TASK OBJECTIVE
Copy task. Retype the whole listing exactly, omitting any picture in it.

-------- DATASET EXTRACT

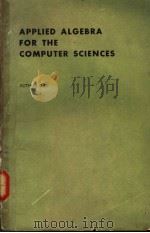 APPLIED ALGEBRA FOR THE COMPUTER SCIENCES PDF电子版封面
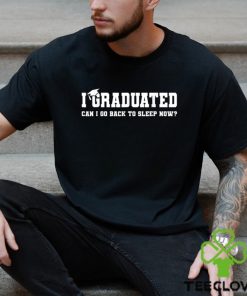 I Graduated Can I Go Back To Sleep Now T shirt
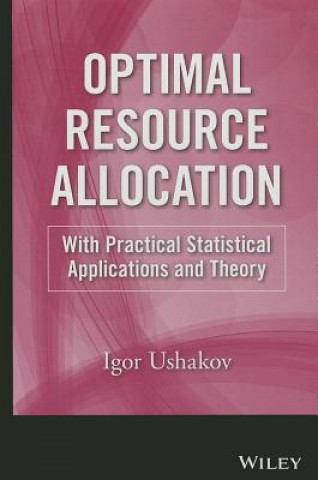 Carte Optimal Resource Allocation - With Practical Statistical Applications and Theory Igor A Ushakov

----------------

OUTPUT BELOW
 APPLIED ALGEBRA FOR THE COMPUTER SCIENCES PDF电子版封面
 I Graduated Can I Go Back To Sleep Now T shirt
 Carte Optimal Resource Allocation - With Practical Statistical Applications and Theory Igor A Ushakov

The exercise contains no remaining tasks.